Why India didn’t sign the NPT?

  • India opposed the discriminative disarmament policy and argued for the complete ban of nuclear weapons on all states.
  • As the treaty allowed only those five nations that manufactured and exploded a nuclear weapon before January 1, 1967, to retain their weapons after signing the treaty thus, India didn’t sign the NPT.
  • These states are China, France, Russia, the United Kingdom, and the United States. 
  • The above states also form P-5 nations (permanent members) of the UN Security Council.

Significance of the nuclear test

  • India undertook this programme to develop its technology for peaceful use of nuclear energy and it had no intention of going in for nuclear weapons. 
  • India became the first nation to conduct a nuclear test apart from the five permanent (P-5) members of the United Nations Security Council (UNSC).

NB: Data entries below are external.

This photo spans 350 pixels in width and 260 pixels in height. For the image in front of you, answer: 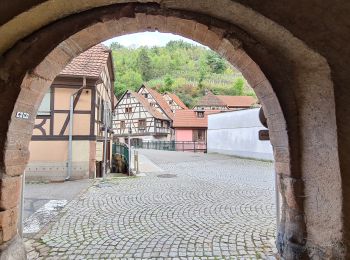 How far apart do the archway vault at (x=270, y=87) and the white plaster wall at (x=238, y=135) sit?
42.6 feet

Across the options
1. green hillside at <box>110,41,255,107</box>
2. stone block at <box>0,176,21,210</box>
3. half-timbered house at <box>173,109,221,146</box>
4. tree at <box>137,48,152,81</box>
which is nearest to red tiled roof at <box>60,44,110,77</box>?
stone block at <box>0,176,21,210</box>

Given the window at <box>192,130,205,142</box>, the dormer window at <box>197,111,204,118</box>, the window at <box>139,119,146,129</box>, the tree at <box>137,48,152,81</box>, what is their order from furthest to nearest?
the tree at <box>137,48,152,81</box> → the dormer window at <box>197,111,204,118</box> → the window at <box>139,119,146,129</box> → the window at <box>192,130,205,142</box>

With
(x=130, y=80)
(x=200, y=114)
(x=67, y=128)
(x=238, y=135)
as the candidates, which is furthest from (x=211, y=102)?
(x=130, y=80)

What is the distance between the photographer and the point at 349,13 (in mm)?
2182

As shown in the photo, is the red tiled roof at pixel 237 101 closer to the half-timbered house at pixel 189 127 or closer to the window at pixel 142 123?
the half-timbered house at pixel 189 127

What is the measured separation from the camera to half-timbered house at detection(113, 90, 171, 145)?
33531 millimetres

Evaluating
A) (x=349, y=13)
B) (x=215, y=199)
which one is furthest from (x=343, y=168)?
(x=215, y=199)

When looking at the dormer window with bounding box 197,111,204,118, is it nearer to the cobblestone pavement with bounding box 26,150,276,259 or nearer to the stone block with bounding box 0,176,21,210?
the cobblestone pavement with bounding box 26,150,276,259

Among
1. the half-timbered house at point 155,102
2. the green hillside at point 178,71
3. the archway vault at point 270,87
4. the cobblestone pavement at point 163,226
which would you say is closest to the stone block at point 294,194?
the archway vault at point 270,87

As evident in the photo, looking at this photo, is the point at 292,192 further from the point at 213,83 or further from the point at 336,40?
the point at 213,83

Criticism and response after the nuclear test

  • Following India’s nuclear tests, condemnation was widespread, with Canada imposing significant sanctions and the US halting aid. Sanctions were also imposed by other countries. 
  • In response, the Nuclear Suppliers Group (NSG) was established to regulate exports of nuclear materials and technology.
  • Pakistan said that it would never succumb to “nuclear blackmail” or accept “Indian hegemony or domination over the subcontinent”.